CUresult cuFuncSetSharedMemConfig ( CUfunction hfunc, CUsharedconfig config ): Sets the shared memory configuration for a device function.
CUresult cuLaunchKernel ( CUfunction f, unsigned int gridDimX, unsigned int gridDimY, unsigned int gridDimZ, unsigned int blockDimX, unsigned int blockDimY, unsigned int blockDimZ, unsigned int sharedMemBytes, CUstream hStream, void** kernelParams, void** extra ): Launches a CUDA function.

Functions

CUresult cuFuncGetAttribute ( int* pi, CUfunction_attribute attrib, CUfunction hfunc )

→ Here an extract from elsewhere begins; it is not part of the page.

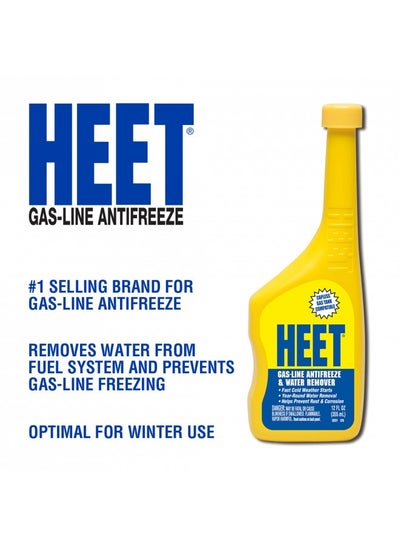 Buy Heet Gas-Line Antifreeze And Water Remover - Removes Water From Fuel System - Prevents Gas-Line Freezing - Optimal For Winter Use Fast Cold Weather Starts, 12 Fl. Oz. (28201) in UAE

Returns information about a function.

Parameters

pi: - Returned attribute value
attrib: - Attribute requested
hfunc: - Function to query attribute of

Returns

CUDA_SUCCESS, CUDA_ERROR_DEINITIALIZED, CUDA_ERROR_NOT_INITIALIZED, CUDA_ERROR_INVALID_CONTEXT, CUDA_ERROR_INVALID_HANDLE, CUDA_ERROR_INVALID_VALUE

Description

Returns in *pi the integer value of the attribute attrib on the kernel given by hfunc. The supported attributes are:

CU_FUNC_ATTRIBUTE_MAX_THREADS_PER_BLOCK: The maximum number of threads per block, beyond which a launch of the function would fail. This number depends on both the function and the device on which the function is currently loaded.
CU_FUNC_ATTRIBUTE_SHARED_SIZE_BYTES: The size in bytes of statically-allocated shared memory per block required by this function. This does not include dynamically-allocated shared memory requested by the user at runtime.
CU_FUNC_ATTRIBUTE_CONST_SIZE_BYTES: The size in bytes of user-allocated constant memory required by this function.
CU_FUNC_ATTRIBUTE_LOCAL_SIZE_BYTES: The size in bytes of local memory used by each thread of this function.
CU_FUNC_ATTRIBUTE_NUM_REGS: The number of registers used by each thread of this function.
CU_FUNC_ATTRIBUTE_PTX_VERSION: The PTX virtual architecture version for which the function was compiled. This value is the major PTX version * 10 + the minor PTX version, so a PTX version 1.3 function would return the value 13. Note that this may return the undefined value of 0 for cubins compiled prior to CUDA 3.0.
CU_FUNC_ATTRIBUTE_BINARY_VERSION: The binary architecture version for which the function was compiled. This value is the major binary version * 10 + the minor binary version, so a binary version 1.3 function would return the value 13. Note that this will return a value of 10 for legacy cubins that do not have a properly-encoded binary architecture version.
CU_FUNC_CACHE_MODE_CA: The attribute to indicate whether the function has been compiled with user specified option "-Xptxas --dlcm=ca" set .

Note:

Note that this function may also return error codes from previous, asynchronous launches.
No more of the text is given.